╔══
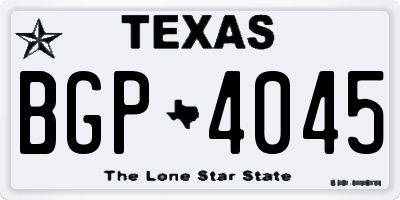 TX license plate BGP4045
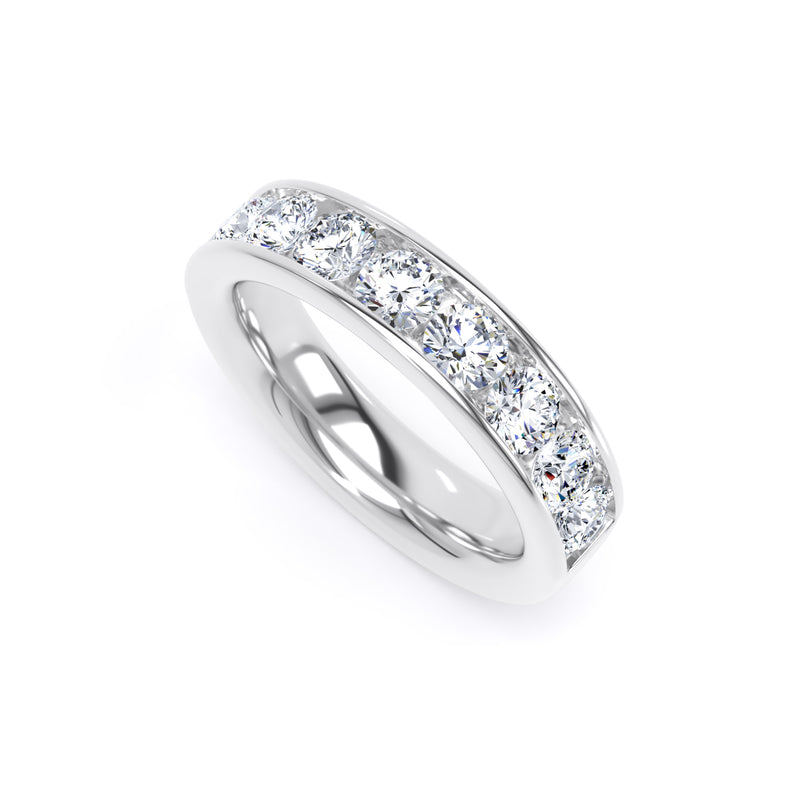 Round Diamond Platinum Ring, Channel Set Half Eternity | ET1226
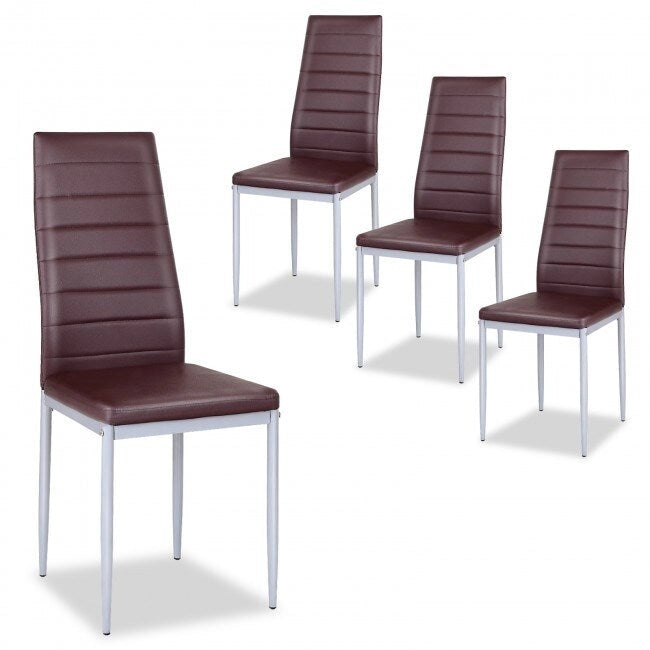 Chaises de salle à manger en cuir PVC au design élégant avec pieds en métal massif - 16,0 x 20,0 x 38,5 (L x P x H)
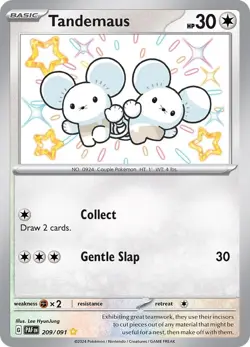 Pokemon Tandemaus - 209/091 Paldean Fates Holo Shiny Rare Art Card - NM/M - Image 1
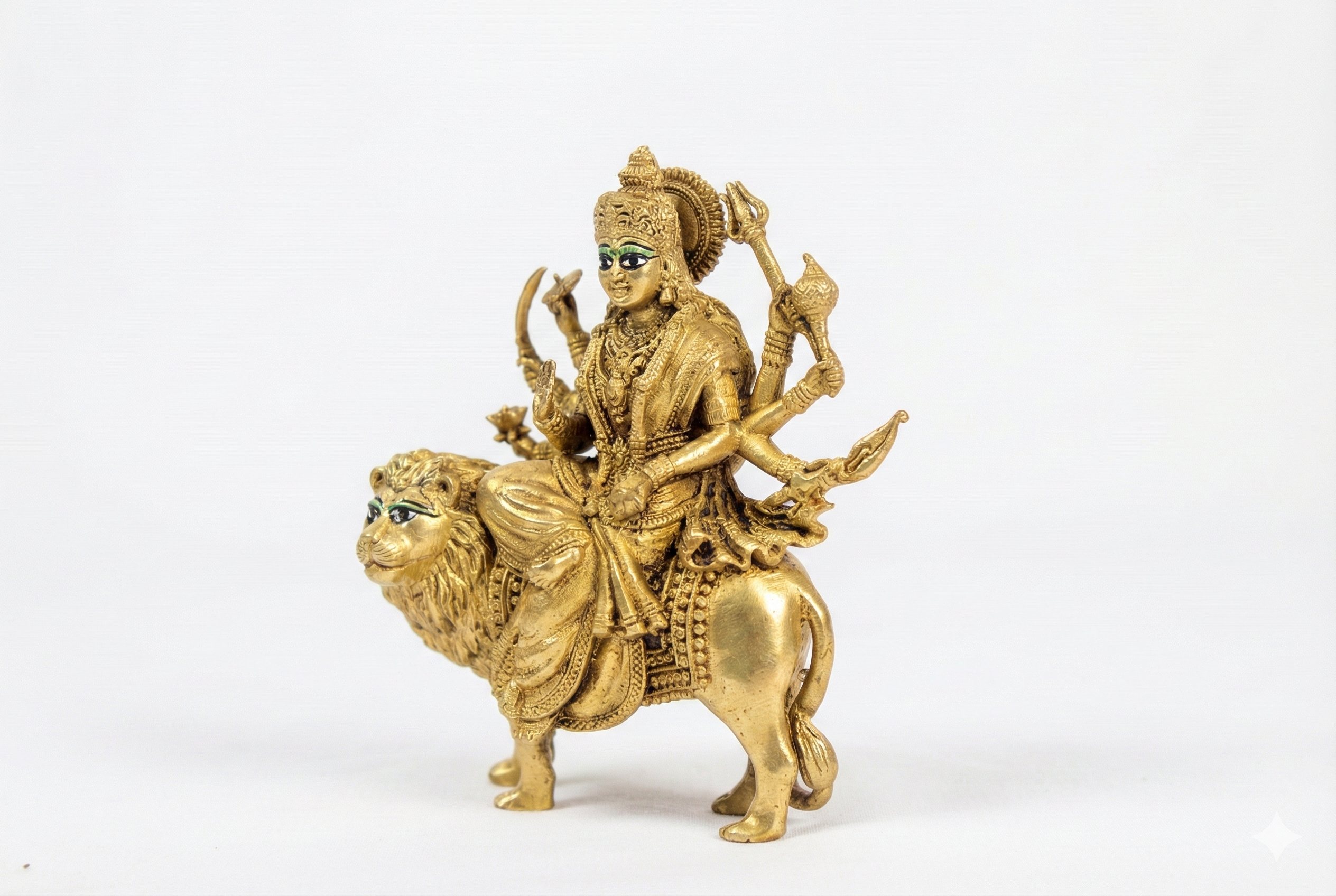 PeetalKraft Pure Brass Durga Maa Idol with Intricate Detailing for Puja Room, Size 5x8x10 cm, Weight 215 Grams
╚══
╔══
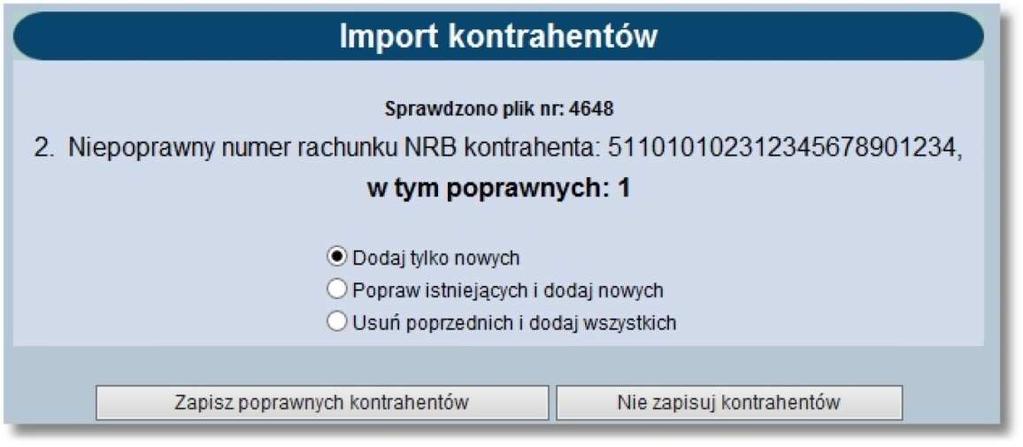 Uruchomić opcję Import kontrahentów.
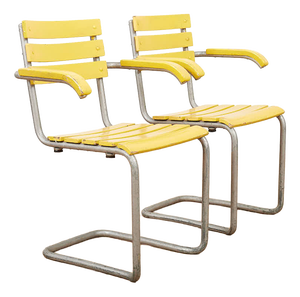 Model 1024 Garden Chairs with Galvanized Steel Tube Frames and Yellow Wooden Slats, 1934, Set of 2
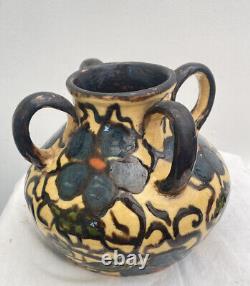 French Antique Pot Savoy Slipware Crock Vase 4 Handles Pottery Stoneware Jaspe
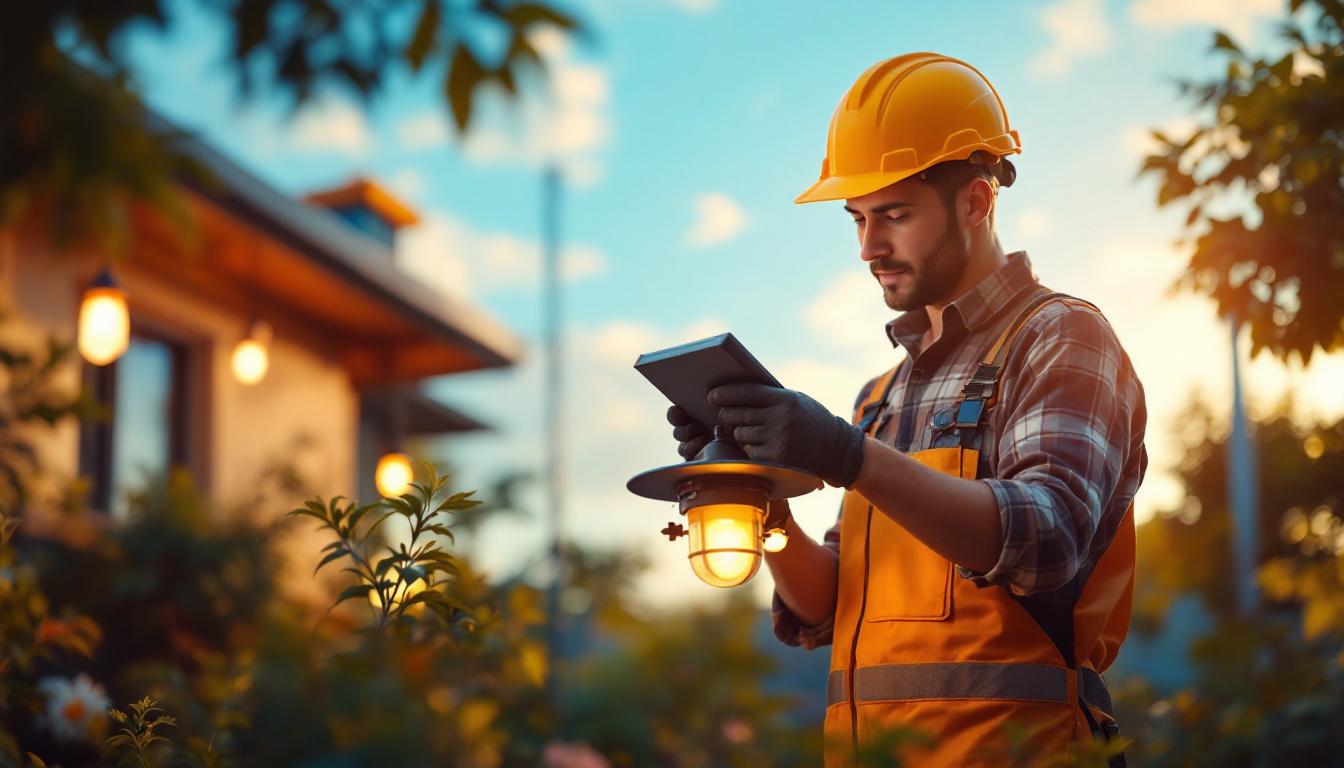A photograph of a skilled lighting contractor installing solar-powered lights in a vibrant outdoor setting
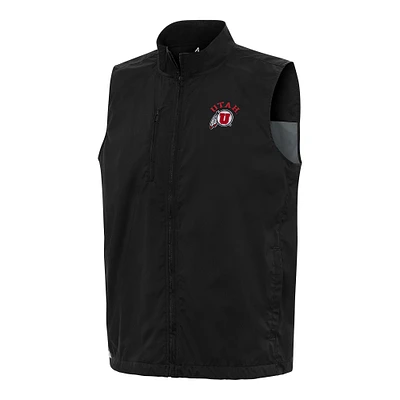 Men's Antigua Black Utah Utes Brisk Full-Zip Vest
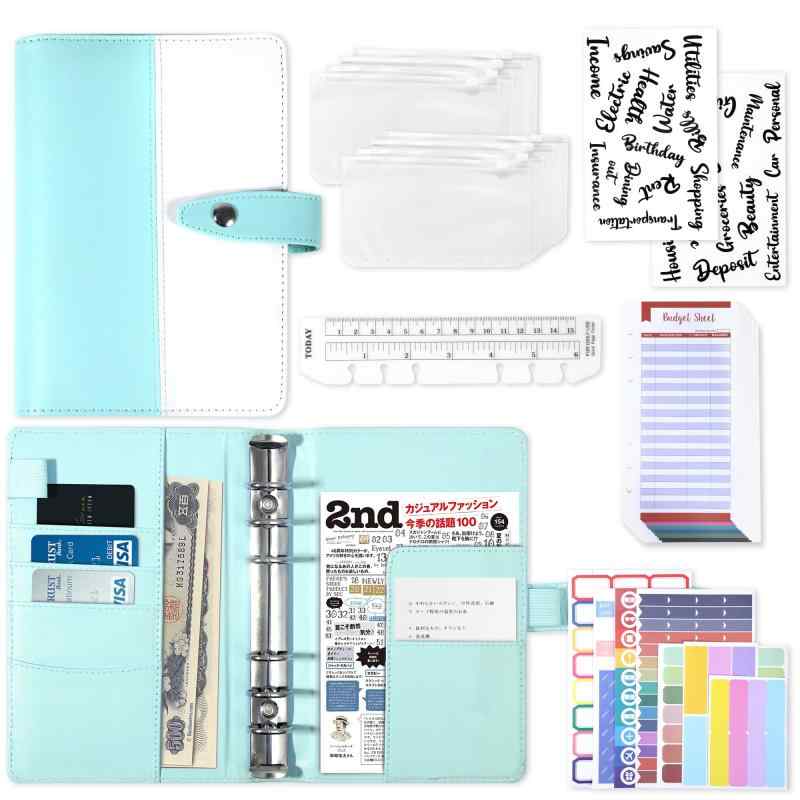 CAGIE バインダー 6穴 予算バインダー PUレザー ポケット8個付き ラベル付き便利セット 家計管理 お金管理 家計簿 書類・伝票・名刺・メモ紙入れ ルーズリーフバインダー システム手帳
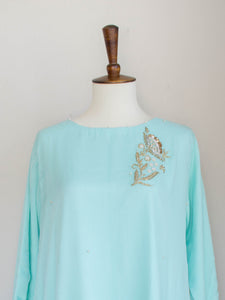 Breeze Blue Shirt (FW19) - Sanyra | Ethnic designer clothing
╚══
╔══
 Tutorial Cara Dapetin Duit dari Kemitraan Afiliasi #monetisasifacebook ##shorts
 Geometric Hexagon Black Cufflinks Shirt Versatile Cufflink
╚══
YOUR TASK -> Starting with the line that contains "TX license plate BGP4045" and finishing with the line that contains "PeetalKraft Pure Brass", reproduce every line of the material above exactly, but not the pictures.

EXPECTED ANSWER ->
 TX license plate BGP4045
 Round Diamond Platinum Ring, Channel Set Half Eternity | ET1226
 Chaises de salle à manger en cuir PVC au design élégant avec pieds en métal massif - 16,0 x 20,0 x 38,5 (L x P x H)
 Pokemon Tandemaus - 209/091 Paldean Fates Holo Shiny Rare Art Card - NM/M - Image 1
 PeetalKraft Pure Brass Durga Maa Idol with Intricate Detailing for Puja Room, Size 5x8x10 cm, Weight 215 Grams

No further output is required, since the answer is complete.